Immutability or a kind of "reverse shallow const"
I'm looking at writing an immutability wrapper.
Context
Most of the languages I know have immutable strings, which is distinct from C++ const strings, e.g C# like this:
string s = "hello";
s = "hello world" // allowed - the string reference was reassigned to a different string, the original string was not mutated
s = s + '!'; //allowed - a allocates a new string through concatenation
s[0] = 'H'; //won't compile
s = 'H' + s.SubString(1); //allowed - allocates twice, but allowed.
(see also golang, python, js)
The reason, as far as I can tell, is that these languages default to passing most T by T*, so they build immutability into the types (when possible). In C++ we have the option of passing T by T const& or T const*, so built-in immutability has been less of a priority.
Yet, immutability does buy something we don't get with const& - sure, as the caller, we know the callee can't modify the string. But as the callee, just because we wrote std::string const& in our function signature, that doesn't guarantee the string won't be modified elsewhere, whether it be async code, or just that we stored the reference and expected it to stay valid.
Question
Before I spend any time on this - is this a solved problem already?
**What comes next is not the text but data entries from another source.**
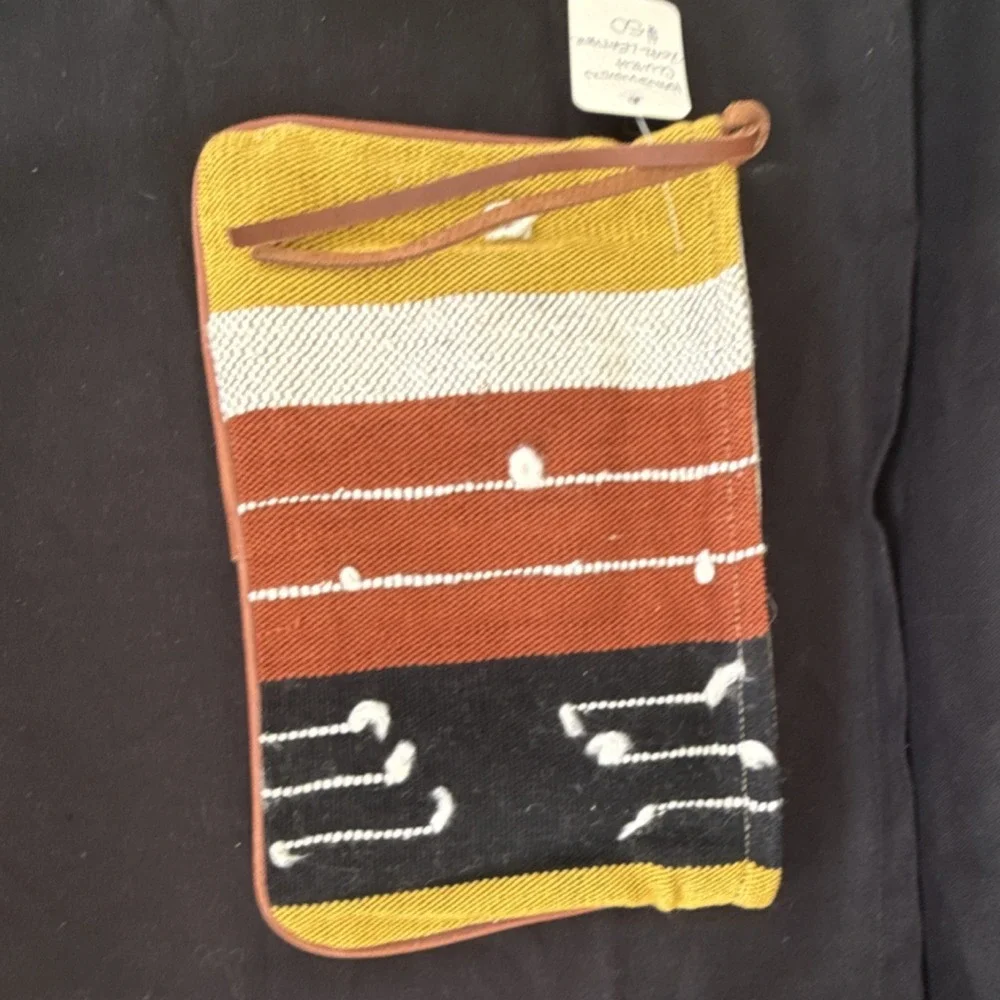 Altiplano Woven Cotton Leather Wristlet Clutch Zip‎ Multicolor Women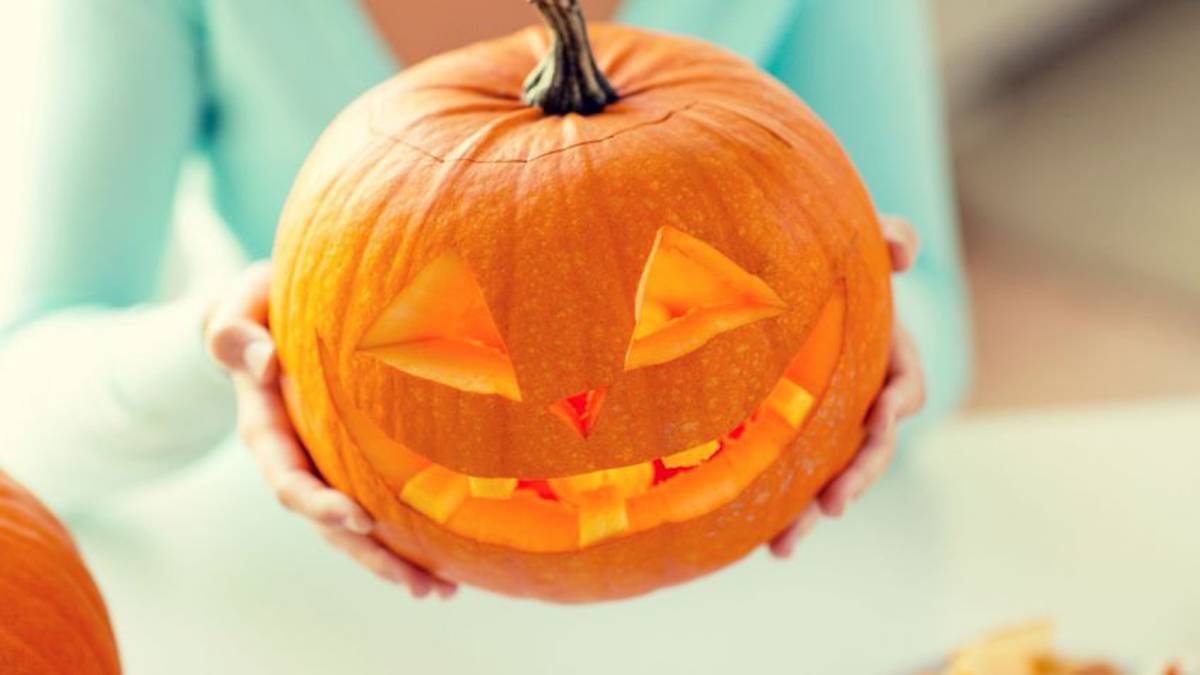 Vídeo: cómo vaciar y cortar una calabaza para decorar en Halloween 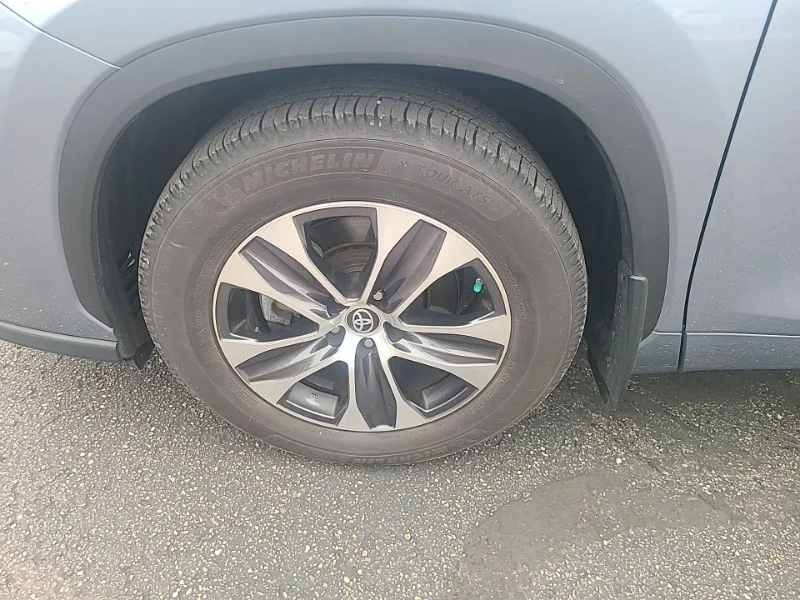 Used 2021  Toyota XLE image 10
My initial thought was that the fastest "immutability wrapper" to write would be as simple as
template<typename T>
using Immutable = std::shared_ptr<const T>;
Unfortunately...
int main() {
auto s = std::make_shared<int>(2);
Immutable<int> i = s;
*s = 1;
return *i; //returns 1;
}
same semantics as regular pointers - sure, the callee can't change it out, but they can't depend on its unchanging nature, either.